Dataset excerpts:
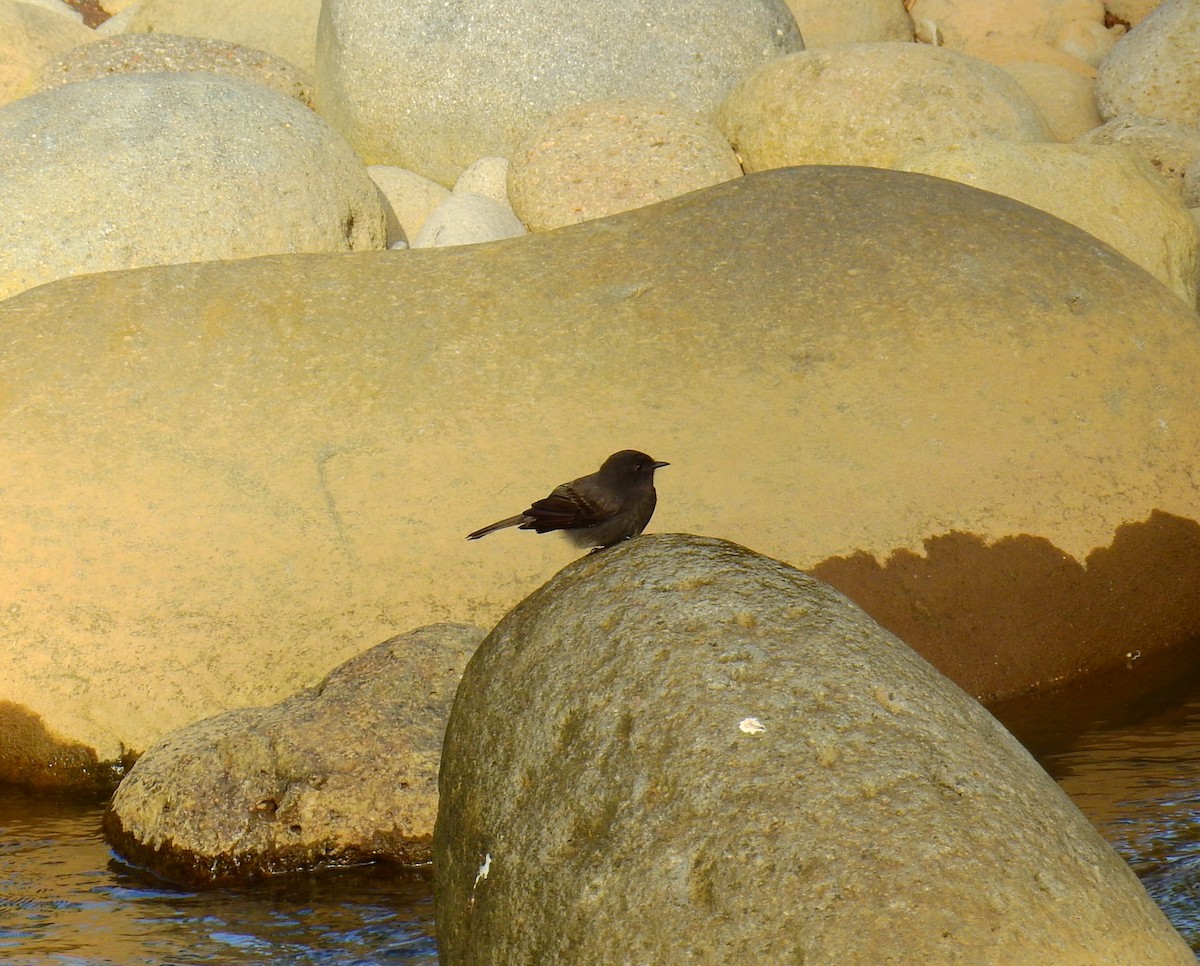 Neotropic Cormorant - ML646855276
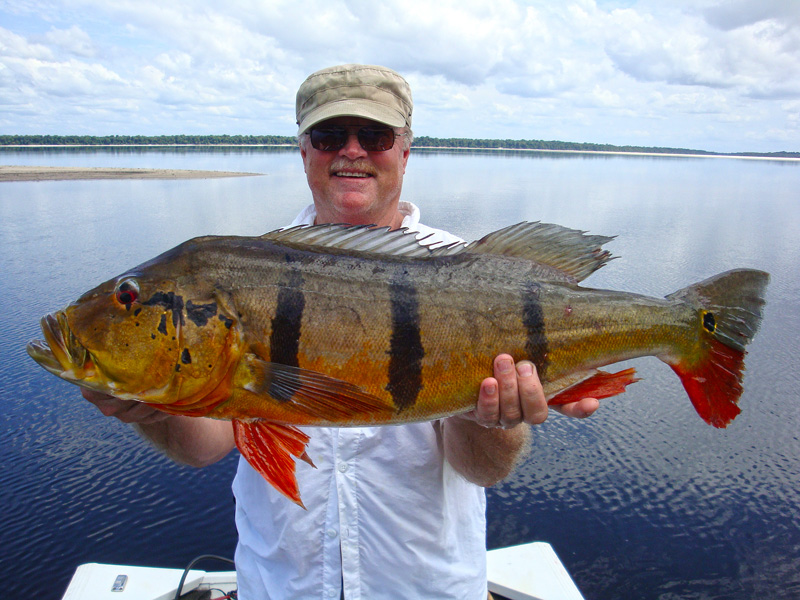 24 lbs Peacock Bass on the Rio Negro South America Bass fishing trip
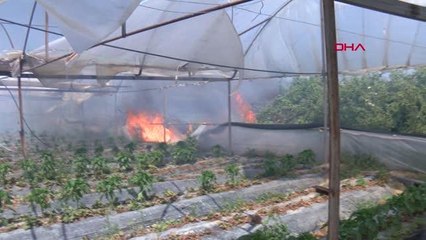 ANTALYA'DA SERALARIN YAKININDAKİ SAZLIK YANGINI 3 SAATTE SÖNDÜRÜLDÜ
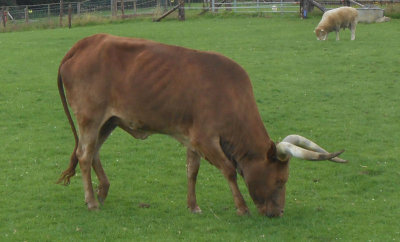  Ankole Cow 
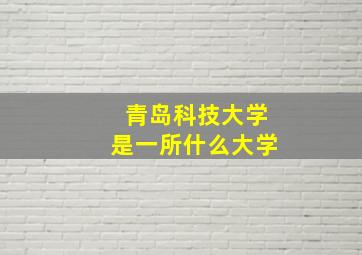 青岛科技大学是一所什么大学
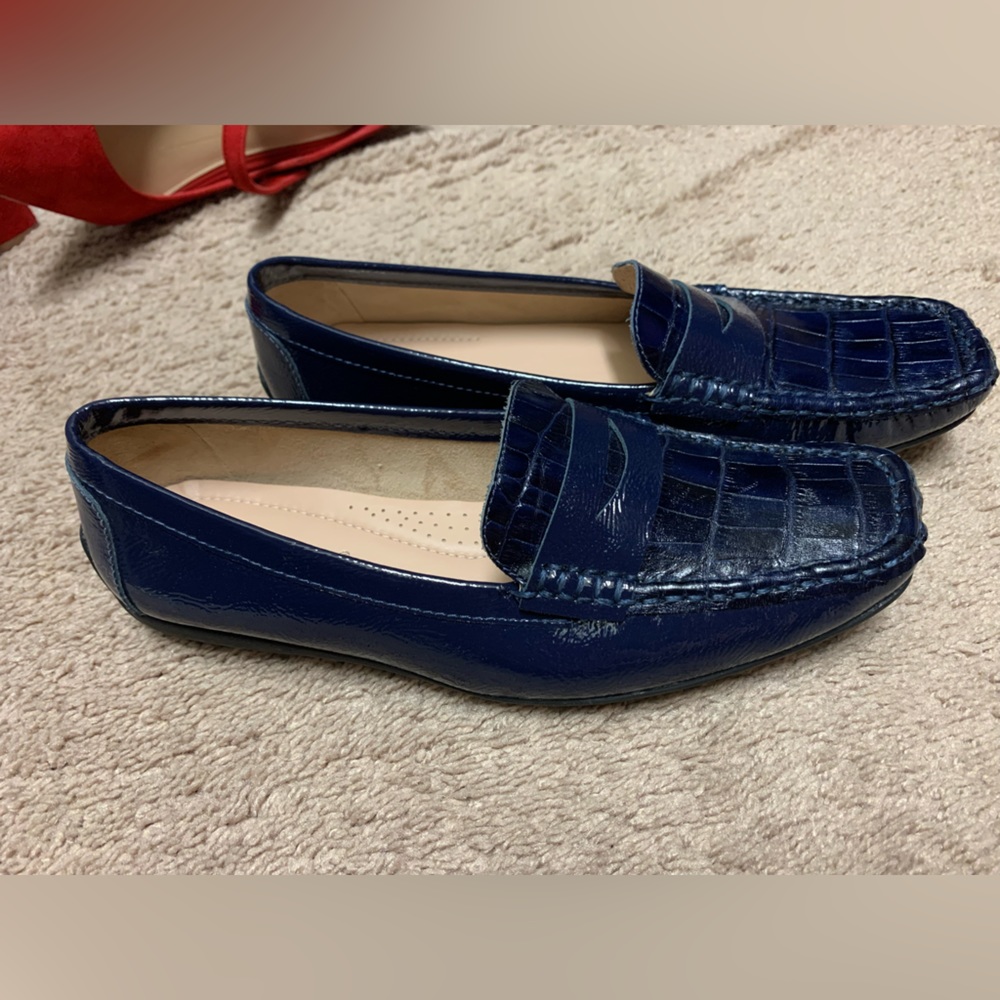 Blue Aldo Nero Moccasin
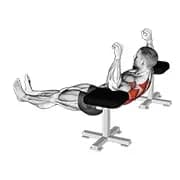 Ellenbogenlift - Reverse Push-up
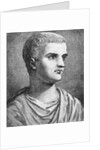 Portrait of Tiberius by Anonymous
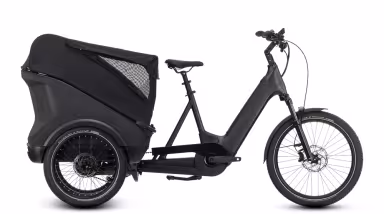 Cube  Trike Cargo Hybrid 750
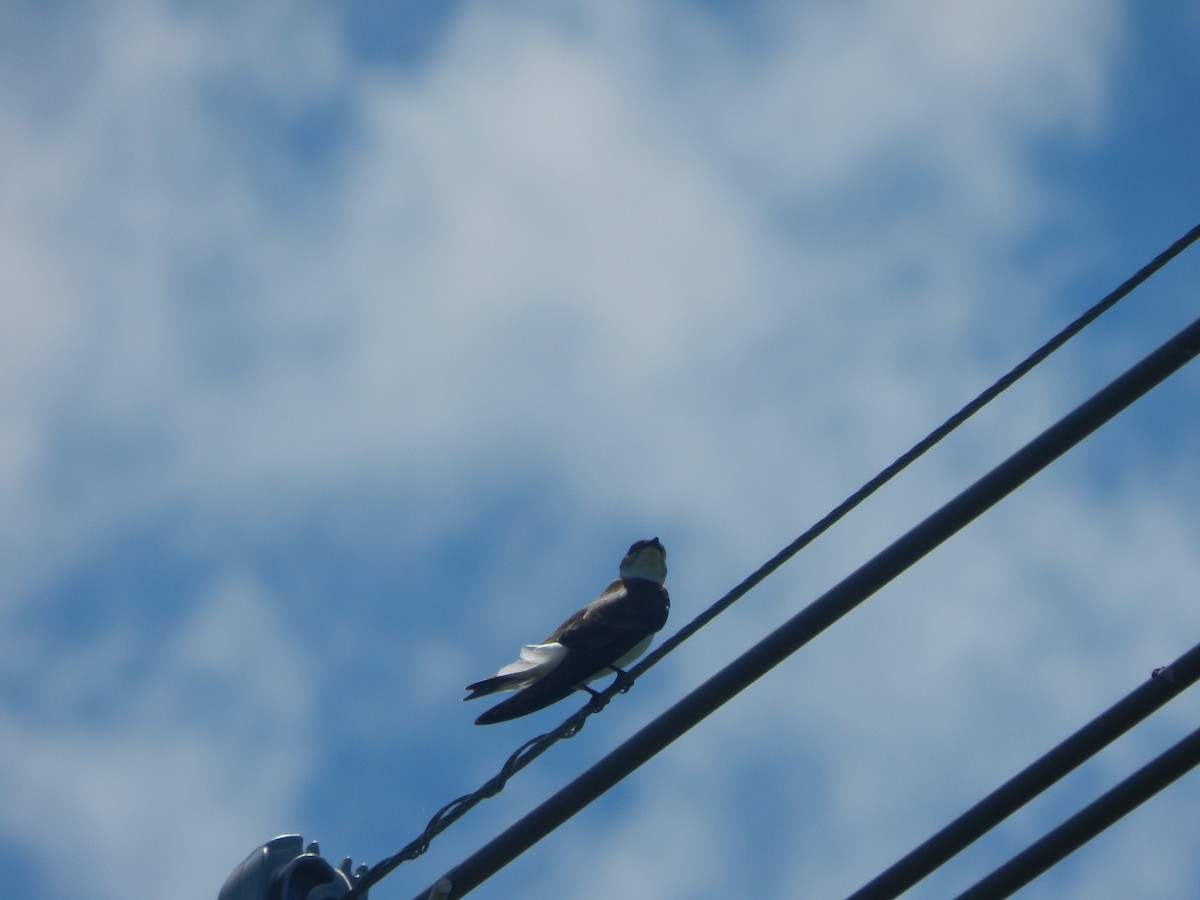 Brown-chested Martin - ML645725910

## Exercise prompt
Please return exactly, and only, the lines from the one containing "青岛科技大学是一所什么大学" through the end of the records, with both end lines kept and every picture dropped.

## Answer area
 青岛科技大学是一所什么大学
 Blue Aldo Nero Moccasin
 Ellenbogenlift - Reverse Push-up
 Portrait of Tiberius by Anonymous
 Cube  Trike Cargo Hybrid 750
 Brown-chested Martin - ML645725910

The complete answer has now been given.